• What you should do: Only the lines in the entries below from the line with "National park flat" to the line with "1 шт. уличная", both included, belong in the answer, transcribed exactly and without pictures.

• Supplied material:
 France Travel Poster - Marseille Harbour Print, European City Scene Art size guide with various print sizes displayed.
* * *
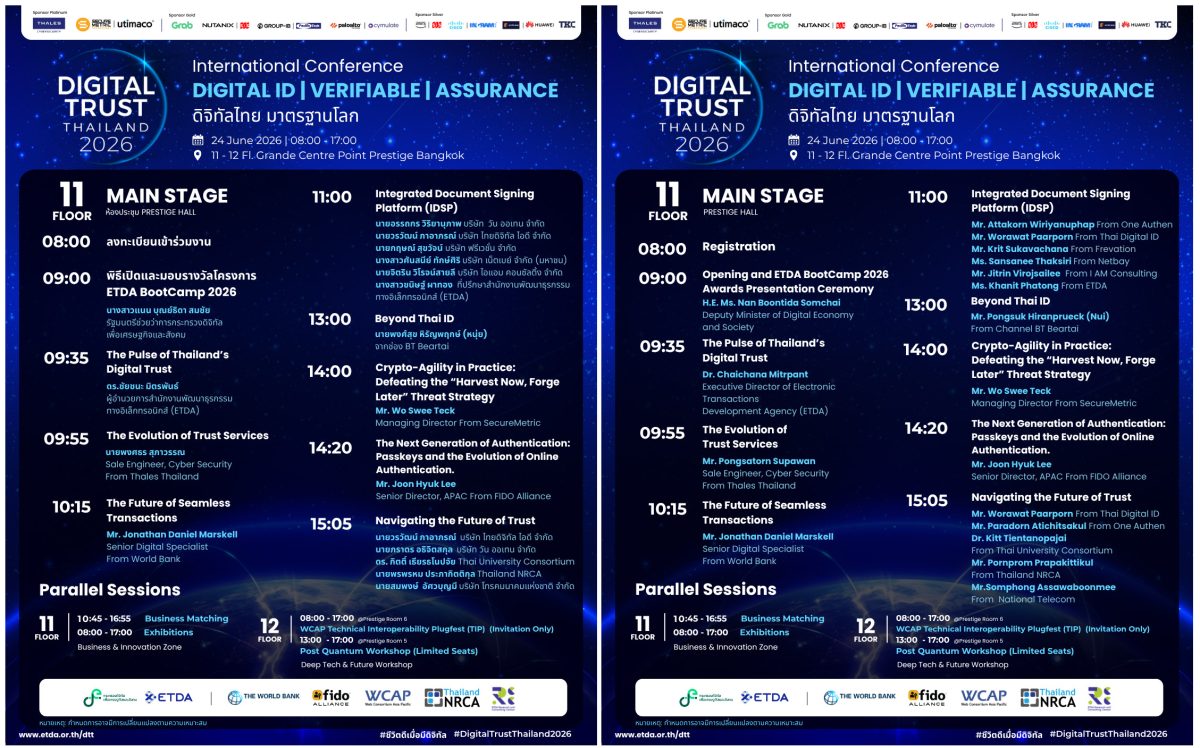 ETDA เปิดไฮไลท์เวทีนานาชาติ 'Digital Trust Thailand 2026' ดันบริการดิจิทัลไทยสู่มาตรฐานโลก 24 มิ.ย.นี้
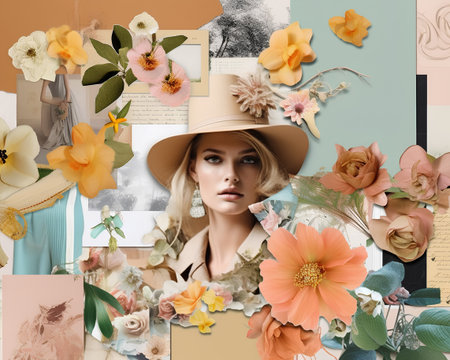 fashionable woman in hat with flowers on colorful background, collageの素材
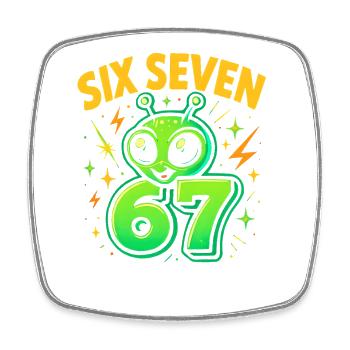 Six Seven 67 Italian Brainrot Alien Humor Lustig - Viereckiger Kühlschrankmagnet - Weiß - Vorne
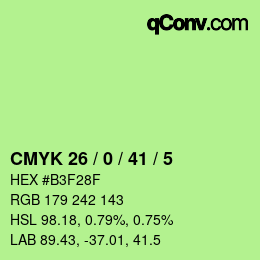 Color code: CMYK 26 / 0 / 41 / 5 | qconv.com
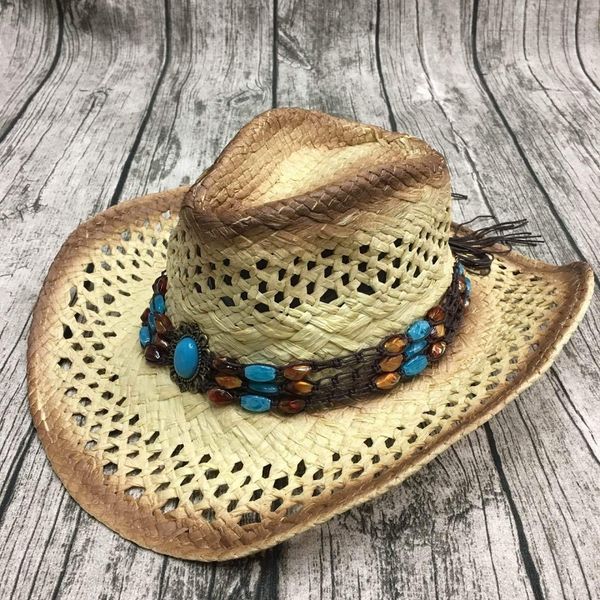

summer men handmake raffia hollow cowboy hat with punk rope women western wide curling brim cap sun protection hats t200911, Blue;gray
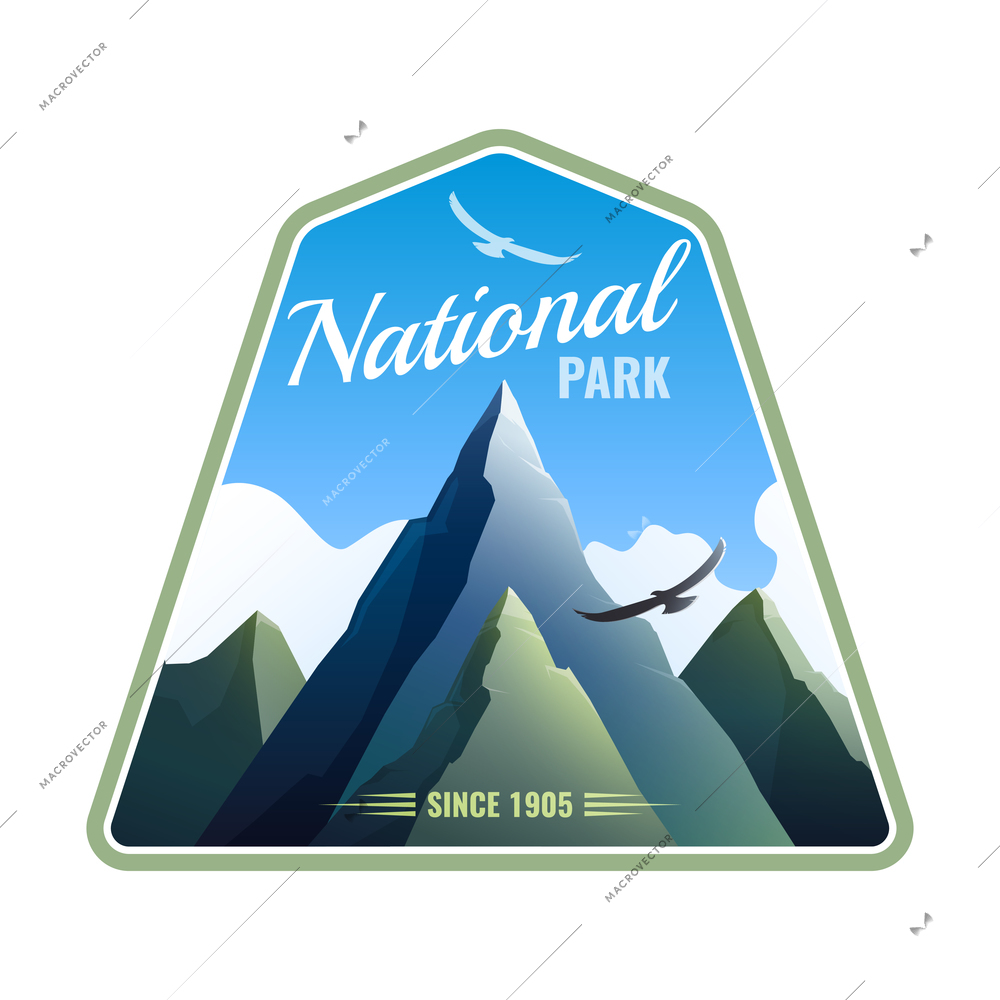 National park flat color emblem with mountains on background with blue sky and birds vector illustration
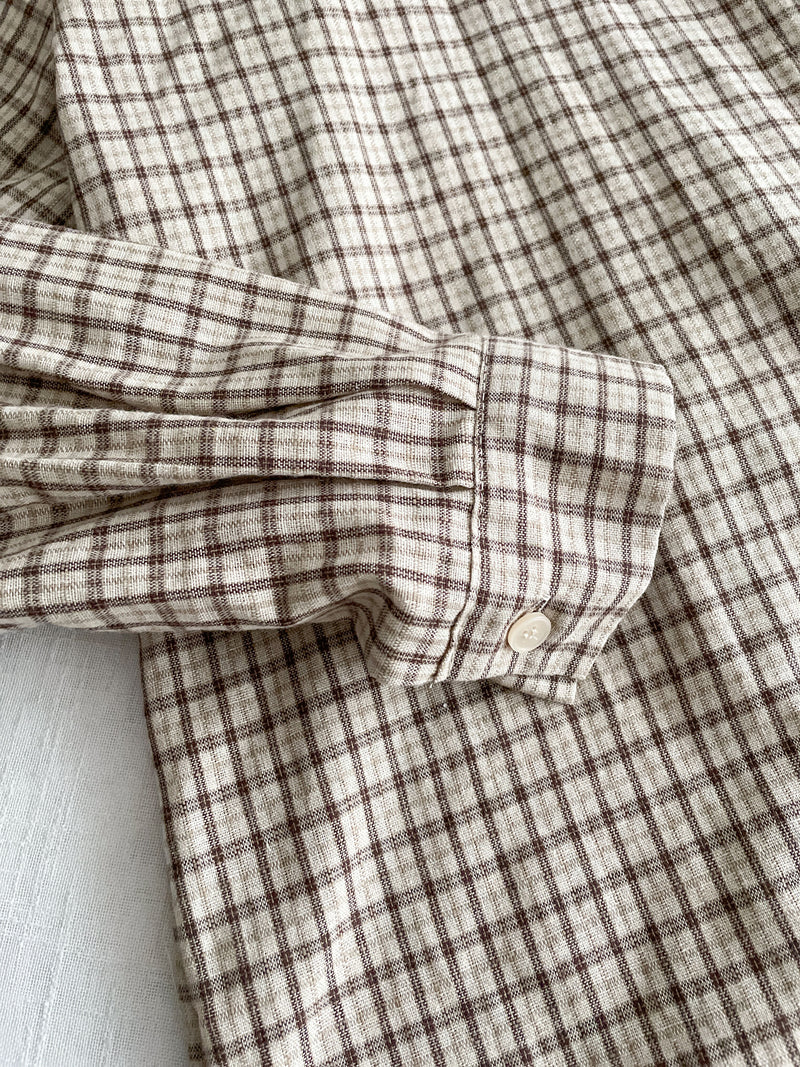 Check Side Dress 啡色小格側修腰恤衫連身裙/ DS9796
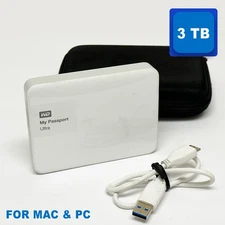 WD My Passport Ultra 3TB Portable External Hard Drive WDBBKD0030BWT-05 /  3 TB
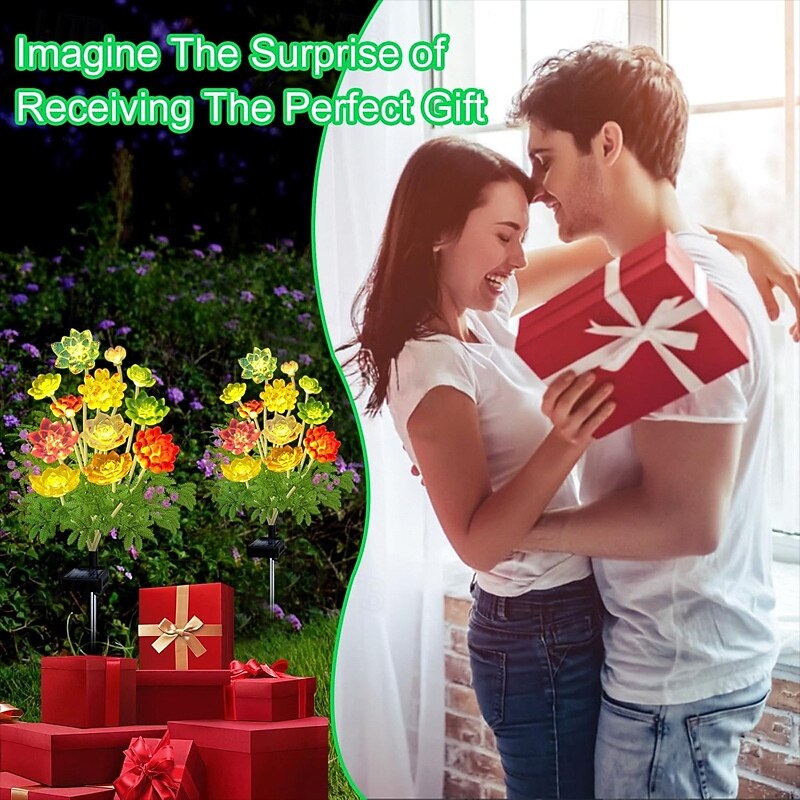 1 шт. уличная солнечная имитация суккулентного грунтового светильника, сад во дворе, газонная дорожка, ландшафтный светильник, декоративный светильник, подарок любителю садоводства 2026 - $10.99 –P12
* * *
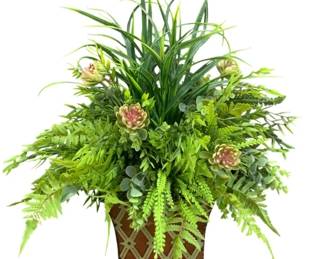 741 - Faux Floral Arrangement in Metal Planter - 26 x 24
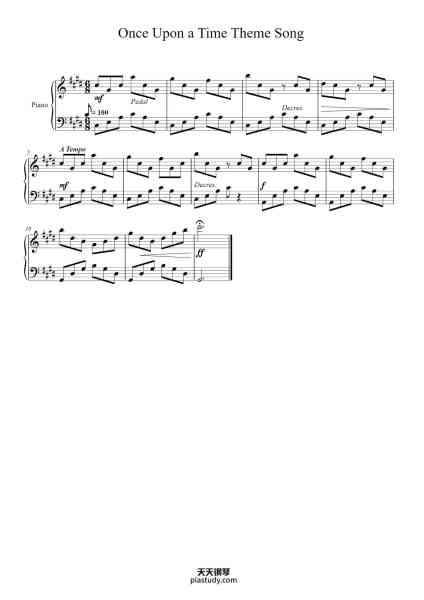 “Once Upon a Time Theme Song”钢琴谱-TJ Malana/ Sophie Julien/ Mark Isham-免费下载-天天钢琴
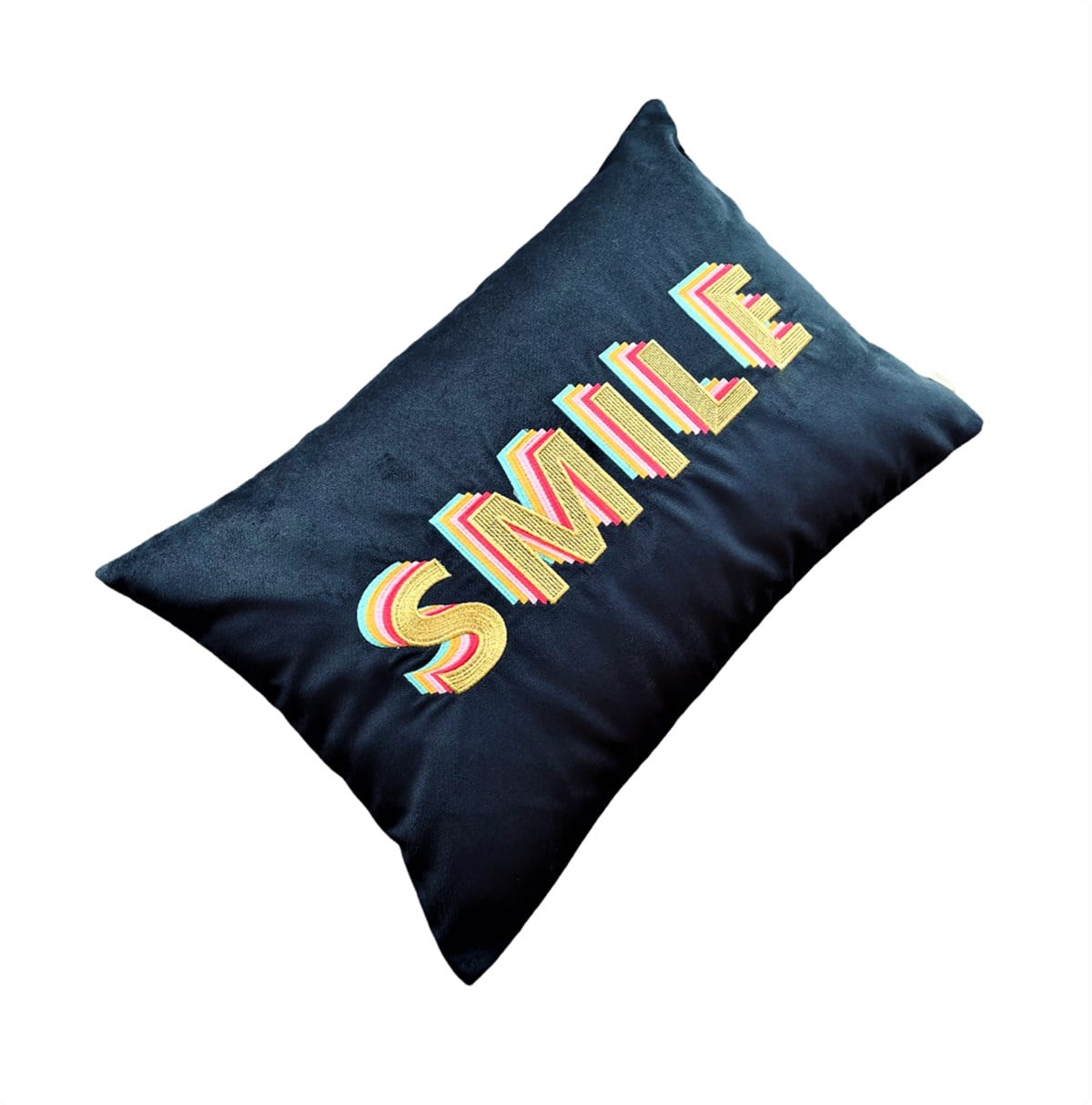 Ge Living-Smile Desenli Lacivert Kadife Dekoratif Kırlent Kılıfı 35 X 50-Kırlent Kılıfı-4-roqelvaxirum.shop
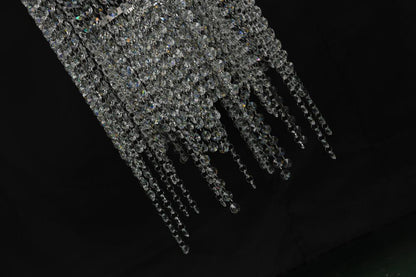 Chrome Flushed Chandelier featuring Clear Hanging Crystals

• Response to the exercise:
 National park flat color emblem with mountains on background with blue sky and birds vector illustration
 Check Side Dress 啡色小格側修腰恤衫連身裙/ DS9796
 WD My Passport Ultra 3TB Portable External Hard Drive WDBBKD0030BWT-05 /  3 TB
 1 шт. уличная солнечная имитация суккулентного грунтового светильника, сад во дворе, газонная дорожка, ландшафтный светильник, декоративный светильник, подарок любителю садоводства 2026 - $10.99 –P12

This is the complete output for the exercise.